Quelqu'un frappe quelques coups discrets à la porte. Ah oui, j'avais oublié ce détail. Aujourd'hui, le sang allait couler. Pas le mien, pas le vôtre. Celui d'un adversaire retors, qu'on avait mit des semaines à traquer. Celui d'un fumier, un tordu, qui s'amusait à faire subir sévices et violences dans mon quartier. On avait eu du mal à le trouver, il se réfugiait chaque soir dans un bordel différent. Il dormait sur place, payait rubis sur ongle, paraissait l'air de rien et pourtant ; Il tuait des gens sous ma responsabilité, des gens qui, pour certains, avaient payé. Et pour les autres ? Beh, je penserai à eux en l'enterrant ce chacal. Pas pire crime que celui qui rapporte quedal, pour aucune des partie, et surtout pour moi. Le crime paye. Le meurtre, lui, ne vaut rien. Rien de moins qu'un coup de pied au derche, après avoir creusé ta propre tombe. Et qu'on t'ensevelisse sous des monticules de terre grasse et humide, qui scellerait ton tombeau.

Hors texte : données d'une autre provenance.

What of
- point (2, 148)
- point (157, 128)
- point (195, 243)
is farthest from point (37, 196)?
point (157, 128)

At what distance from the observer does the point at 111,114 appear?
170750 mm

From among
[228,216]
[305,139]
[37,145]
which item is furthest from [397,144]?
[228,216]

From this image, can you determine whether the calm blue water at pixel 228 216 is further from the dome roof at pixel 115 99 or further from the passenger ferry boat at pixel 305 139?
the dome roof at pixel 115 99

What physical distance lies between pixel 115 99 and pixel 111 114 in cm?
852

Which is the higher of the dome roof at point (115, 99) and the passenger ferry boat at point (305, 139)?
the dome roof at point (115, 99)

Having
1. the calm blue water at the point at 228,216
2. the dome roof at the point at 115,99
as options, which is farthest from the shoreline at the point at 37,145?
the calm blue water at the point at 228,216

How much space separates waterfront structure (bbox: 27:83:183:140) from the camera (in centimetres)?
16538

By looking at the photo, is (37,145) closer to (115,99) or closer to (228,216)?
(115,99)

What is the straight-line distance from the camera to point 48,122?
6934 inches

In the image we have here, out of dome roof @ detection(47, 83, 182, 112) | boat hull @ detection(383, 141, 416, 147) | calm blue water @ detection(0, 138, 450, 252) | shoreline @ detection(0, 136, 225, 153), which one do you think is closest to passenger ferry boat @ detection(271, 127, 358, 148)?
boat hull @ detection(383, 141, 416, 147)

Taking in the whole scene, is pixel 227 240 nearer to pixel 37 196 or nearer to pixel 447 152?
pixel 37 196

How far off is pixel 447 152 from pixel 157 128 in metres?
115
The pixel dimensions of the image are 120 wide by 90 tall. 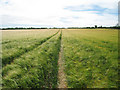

Le gars qui vient me chercher, c'est Picorino, un orphelin peu bavard, et pour cause, on lui avait coupé la chiche à coup de ciseau à bois. Des malades dans cette ville acre et acariâtre, ou grandeur et décadence se confondent derrière un rideau de fumée parfumée. Il me fait des signes de la main, comme quoi notre client est disposé à recevoir son traitement de faveur ; Au menu du jour, massage intercostal, brisure de doigts, et un chiffon dans le gosier pour pas qu'il alerte tout le quartier : C'est que le bon m'sieur dame, ça aime pas le barrouf, ni l'esbrouffe. Ca veut un dehors lisse et propre, tandis qu'ils sont sales à l'intérieur.
C'est pas moi le fou dangereux, c'est cette société tout entière qui déraisonne, ils ont plus le sens des mesures, ni des convenances, ni quelques normes que ce soit, le moral et le légal, s'effaçant devant la grandeur de l'Astra, la monnaie, et le pouvoir.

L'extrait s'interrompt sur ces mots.